For me attending High School wasn't as big of a hassle that my friends made it all out to be. I am a very ambitious person and hope one day I shall open a "Multi Media" company.

In 2001, six of my best friend's and I decided to talk to our village about a new idea for our community. We proposed a skate park to be built next to the already standing Busch Park, an outdoor roller, hockey rink. In our minds the skate park was to be a positive reinforcement our town could rely on as a fun and safe place for our future generations to recreate.

The Village vowed they'd supply a grant to build this park so long as we obtained a certain percentage of signatures on a petition. We accomplished our goal. What a feeling that was.
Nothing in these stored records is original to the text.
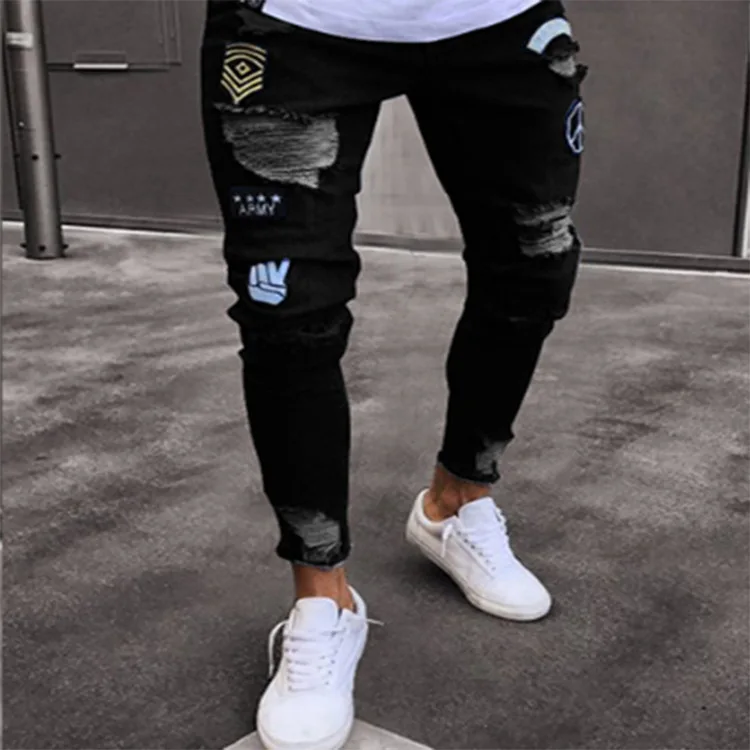 Wholesale Stylish Patchwork Design Ripped Skinny Distressed Denim Jeans For Men With Pattern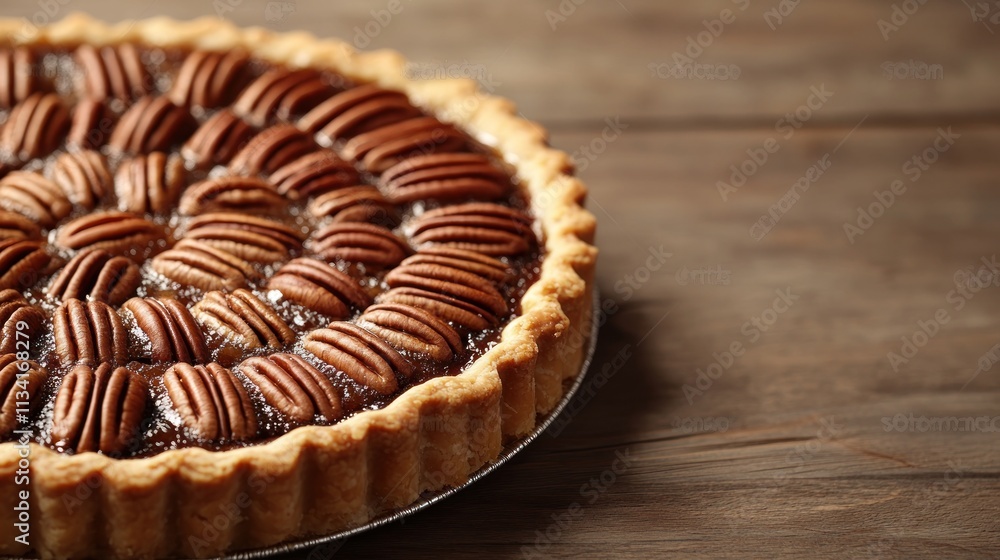 A close-up of a pecan pie with a golden crust and decorative pecan topping. A close-up of a pecan pie with a golden crust and decorative pecan topping.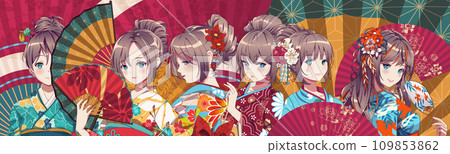 Group of anime manga girls in traditional Japanese kimono costume holding paper fan. Vector illustration on isolated background Group of anime manga girls in traditional Japanese kimono costume holding paper fan. Vector illustration on isolated background 109853862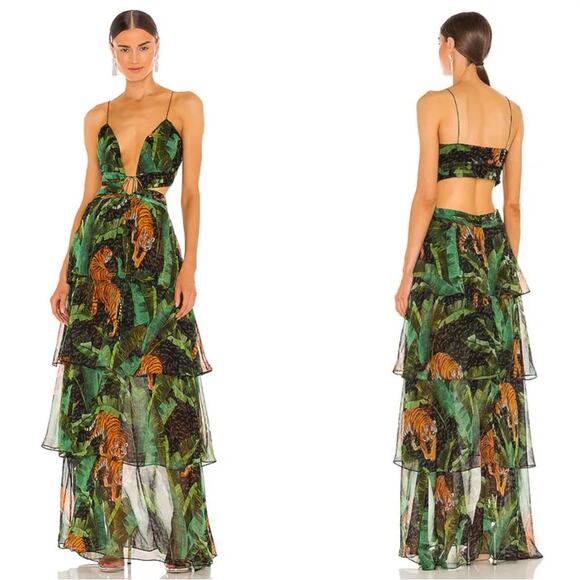 Retrofete Paulina Silk Cutout Tiered Safari Print Black Maxi Dress Size XS - Picture 2 of 9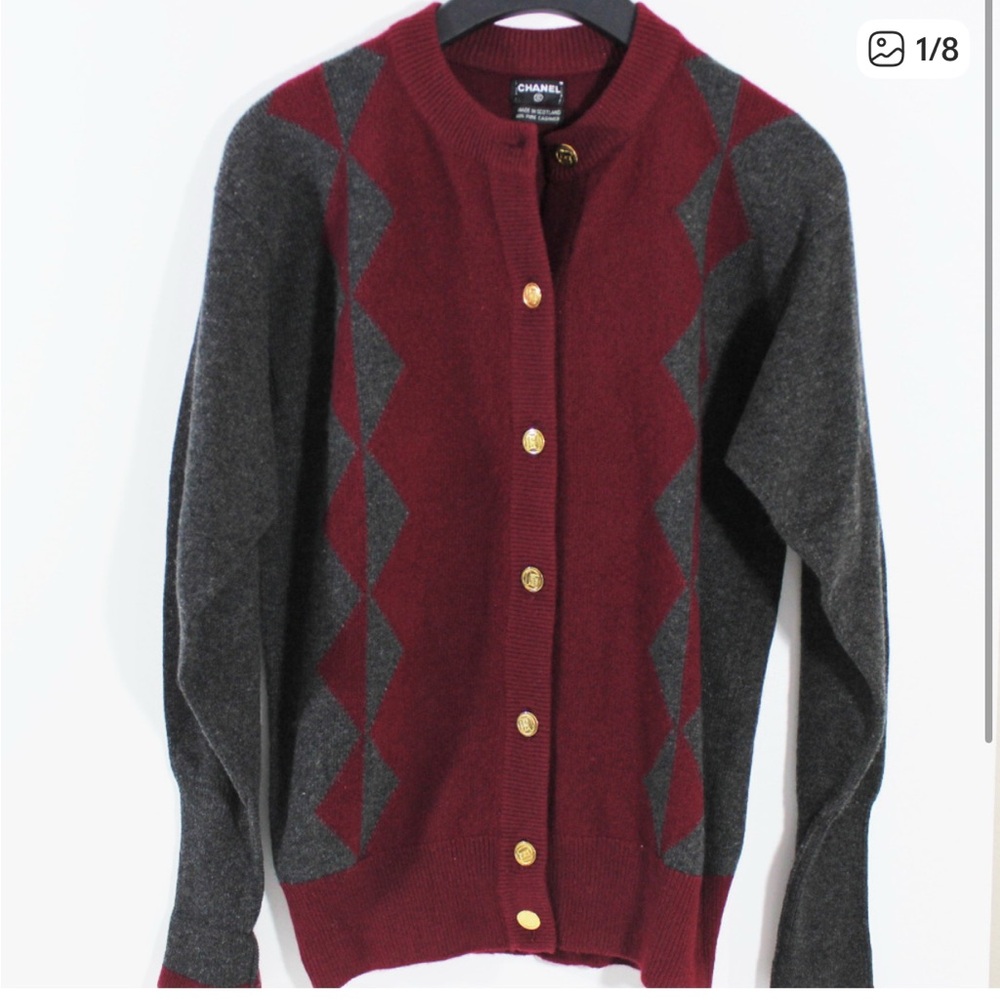 Chanel Burgundy and Charcoal Cashmere Cardigan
This accomplishment turned into a burning ambition to get ahead in life.

4 My Son~


Life is to short ~ Live it Well~

The Cord
We are connected, My child and I, by an invisible cord not seen by the eye.
It's not like the cord that connects us 'til birth
This cord can't been seen by any on Earth.
This cord does it's work Right from the start.
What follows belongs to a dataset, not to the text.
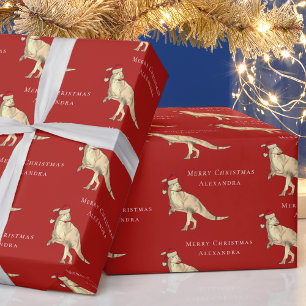 Papier Cadeau Dinosaure de Noël Nom de l'enfant Personnalisé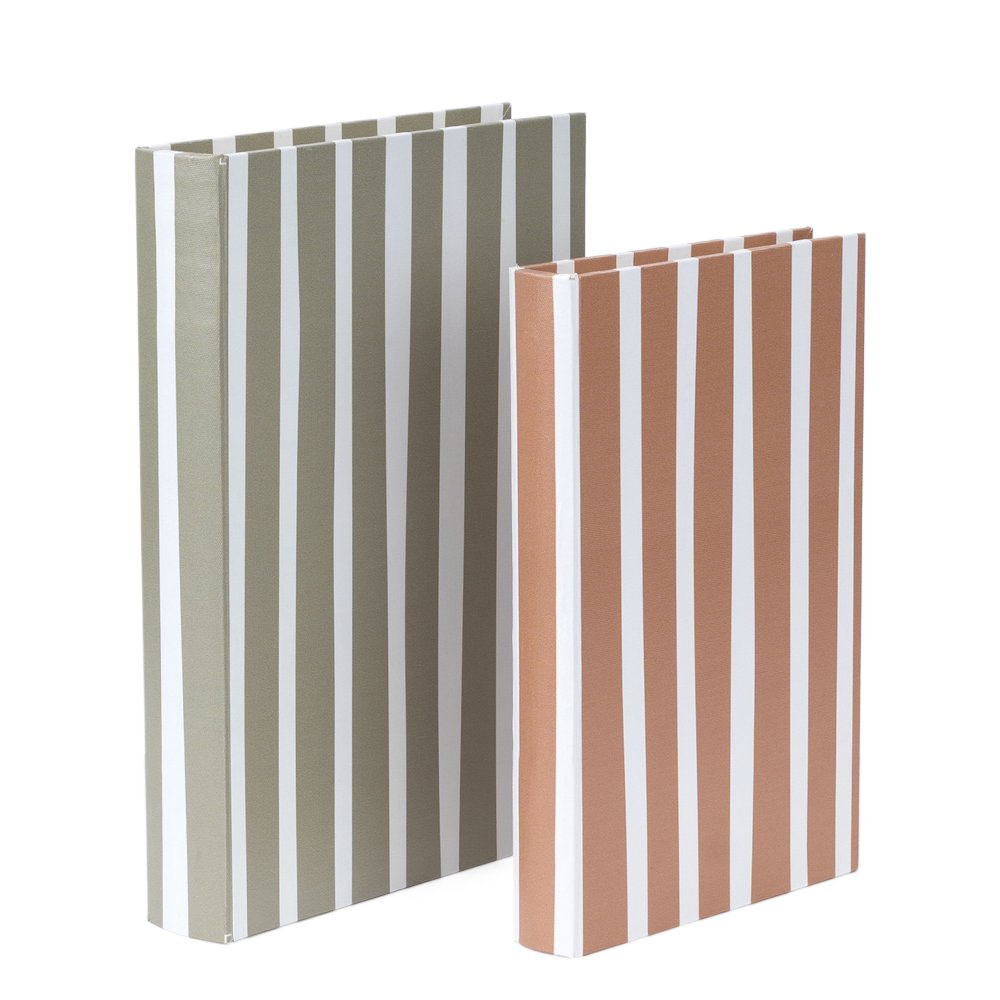 Kit Caixa Livro Decorativa Listrada em PU – Conjunto com 2 Peças Verde e Terracota - Imagem 4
It binds us together Attached to my heart.
I know that it's there though no one can see the invisible cord from my child to me.
The strength of this cord is hard to describe.
It can't be destroyed
It can't be denied.
It's stronger than any cord man could create.
It withstands the test, & can hold any weight, and though you are gone,
though you're not here with me, the cord is still there but no one can see.
It pulls at my heart I am bruised...I am sore ~
But this cord is my lifeline as never before.
I am thankful that God connects us this way.
A mother and child ~
Death can't take it away!

Author Unknown

In memorial to my ~Son~
Jon McEachern
December 26, 1986 ~ November 30, 2007

I want to personally thank all the people who have been there physically, mentally and spiritually for me this past month and know in my heart they will always be around forever. Loosing a child is a terrible tragedy, my hope's to anyone that reads this page shall not cry but rejoice that my son's life journey, although so short here on earth, will be able to help other's in need.